If Halep is illness- and injury-free, then she has a chance to turn her career around. But there's something mentally fragile about the Romanian star, whose talent on a court is stunning. And then there's the reality of having had an incredible season (2014) and having to face one's new celebrity and all the expectations that go with it. Here's hoping 2015 was Halep's season to make that adjustment.

Meanwhile, the new world number 2, Angelique Kerber, steps into the desert as the Australian Open champion. In a recent interview, Kerber said that, after her early Doha loss, she took some time off to relax, and that she feels ready and confident at the BNP Paribas Open.

World number 1 Serena Williams has returned to Indian Wells, and this year, Venus Williams has also returned after a 15-year absence. Unfortnately, in 2015, Serena's long-awaited return to the event ended with her retirement in the semifinals because of a knee injury. That gave Simona Halep a walkover, and then Halep beat Jelena Jankovic in the final.

Of interest in the draw: Serena and Venus could face each other in the quarterfinals. There's also a potential meeting between Kerber and Johanna Konta, which could be good, and it's also likely that Doha champion Carla Suzarez Navarro will be waiting for Kerber in the quarterfinals.

There could also be a quarterfinal clash between Agnieszka Radwanska and Petra Kvitova, though there are some pesky players in their part of the draw who could cause trouble. Chief among them is the eternally unpredictable Svetlana Kuznetsova. Under "normal" conditions, Lucie Safarova would be considered a major threat in that section, as would Dominika Cibulkova. They still could be, but both players have been recovering from physical challenges. I'll add Madison Keys to that list, too.

Also of note: Ekaterina Makarova and Lucie Safarova formed a team to play in Indian Wells. They are already out of the tournament, but should they continue to play together, they have the potential to do well. Makarova and Elena Vesnina were a successful team, but upon Makarova's return from a long injury layoff, the pair did not reunite.

I'm now going to be the laziest blogger ever and say that my sentiments about the Maria Sharapova issue are summed up beautifully by Todd Spiker, so I'll just let him speak for me. I'll add, however, that while I expect so-called tennis fans to speak from positions of ignorance and prejudice, it still distresses me (though I expect this, too) when the news and sports media do it.
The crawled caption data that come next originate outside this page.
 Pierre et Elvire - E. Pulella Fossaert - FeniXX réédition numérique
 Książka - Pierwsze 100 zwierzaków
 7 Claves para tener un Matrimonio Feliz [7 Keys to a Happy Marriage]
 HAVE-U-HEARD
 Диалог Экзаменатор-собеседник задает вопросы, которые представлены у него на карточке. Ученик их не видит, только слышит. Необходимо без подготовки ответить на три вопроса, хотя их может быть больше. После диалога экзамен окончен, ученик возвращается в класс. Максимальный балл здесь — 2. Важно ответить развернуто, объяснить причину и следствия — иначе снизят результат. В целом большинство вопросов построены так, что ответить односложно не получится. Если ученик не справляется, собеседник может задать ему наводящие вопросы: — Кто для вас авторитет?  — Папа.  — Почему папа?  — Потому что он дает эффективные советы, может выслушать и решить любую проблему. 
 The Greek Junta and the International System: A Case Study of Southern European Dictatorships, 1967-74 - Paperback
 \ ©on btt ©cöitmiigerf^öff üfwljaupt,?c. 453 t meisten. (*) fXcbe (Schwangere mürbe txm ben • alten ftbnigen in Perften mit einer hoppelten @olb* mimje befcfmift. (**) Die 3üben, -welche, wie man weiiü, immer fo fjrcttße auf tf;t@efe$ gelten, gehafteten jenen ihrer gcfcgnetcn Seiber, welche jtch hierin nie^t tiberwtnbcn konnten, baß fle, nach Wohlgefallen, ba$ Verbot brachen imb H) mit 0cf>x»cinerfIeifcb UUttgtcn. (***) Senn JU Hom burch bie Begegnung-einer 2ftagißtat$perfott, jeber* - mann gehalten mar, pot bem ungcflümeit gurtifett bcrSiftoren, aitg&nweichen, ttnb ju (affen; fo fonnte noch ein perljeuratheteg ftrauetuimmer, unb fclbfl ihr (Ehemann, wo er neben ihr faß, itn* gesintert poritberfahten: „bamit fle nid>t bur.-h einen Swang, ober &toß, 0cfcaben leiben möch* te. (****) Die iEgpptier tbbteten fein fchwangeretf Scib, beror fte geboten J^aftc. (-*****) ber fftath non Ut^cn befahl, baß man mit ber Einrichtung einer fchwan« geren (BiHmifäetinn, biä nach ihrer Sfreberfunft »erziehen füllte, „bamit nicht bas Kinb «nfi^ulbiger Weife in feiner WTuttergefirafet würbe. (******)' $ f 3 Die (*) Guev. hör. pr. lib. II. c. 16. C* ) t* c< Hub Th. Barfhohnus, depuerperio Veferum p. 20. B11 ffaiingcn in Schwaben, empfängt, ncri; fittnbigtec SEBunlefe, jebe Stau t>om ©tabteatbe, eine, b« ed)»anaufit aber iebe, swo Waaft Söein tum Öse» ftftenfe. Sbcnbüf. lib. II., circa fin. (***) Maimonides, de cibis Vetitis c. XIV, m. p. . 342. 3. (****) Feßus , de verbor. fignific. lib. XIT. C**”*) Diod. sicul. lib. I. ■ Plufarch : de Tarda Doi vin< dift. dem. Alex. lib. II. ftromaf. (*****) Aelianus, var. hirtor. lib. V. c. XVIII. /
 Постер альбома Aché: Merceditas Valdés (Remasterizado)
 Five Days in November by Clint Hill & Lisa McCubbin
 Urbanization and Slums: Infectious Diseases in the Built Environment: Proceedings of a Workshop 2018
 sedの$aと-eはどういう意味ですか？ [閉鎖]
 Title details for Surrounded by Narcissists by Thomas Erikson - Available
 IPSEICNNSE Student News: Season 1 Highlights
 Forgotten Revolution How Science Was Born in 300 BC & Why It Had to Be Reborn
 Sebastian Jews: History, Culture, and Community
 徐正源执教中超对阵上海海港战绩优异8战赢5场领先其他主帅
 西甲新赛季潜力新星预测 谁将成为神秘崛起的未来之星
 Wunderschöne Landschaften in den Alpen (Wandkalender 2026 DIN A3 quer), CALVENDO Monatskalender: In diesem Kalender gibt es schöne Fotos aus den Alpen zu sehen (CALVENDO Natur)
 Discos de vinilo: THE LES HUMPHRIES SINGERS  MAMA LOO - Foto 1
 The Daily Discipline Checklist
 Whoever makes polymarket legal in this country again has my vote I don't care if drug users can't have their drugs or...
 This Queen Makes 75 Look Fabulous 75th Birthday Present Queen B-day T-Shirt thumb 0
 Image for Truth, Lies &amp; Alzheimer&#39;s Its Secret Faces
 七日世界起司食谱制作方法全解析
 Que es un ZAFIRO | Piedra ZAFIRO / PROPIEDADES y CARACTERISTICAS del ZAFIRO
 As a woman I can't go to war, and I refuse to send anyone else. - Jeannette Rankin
The amount of misinformation and distorted information that has been spewed by tennis writers and commentators has been really disheartening. Equally disappointing have been a couple of the player reactions--one full of pompous self-righteousness (not to mention hypocrisy), and the other just plain vicious and crazy.

We will never know all of the facts behind this situation, nor will we ever know all of the motivations--from all parties involved.  Historically, as I see it, Sharapova certainly has a better character rating than the ITF, but that doesn't mean she didn't do anything wrong. I hope for a fair accounting and a fair judgment. In the meantime, thank goodness, we have Indian Wells.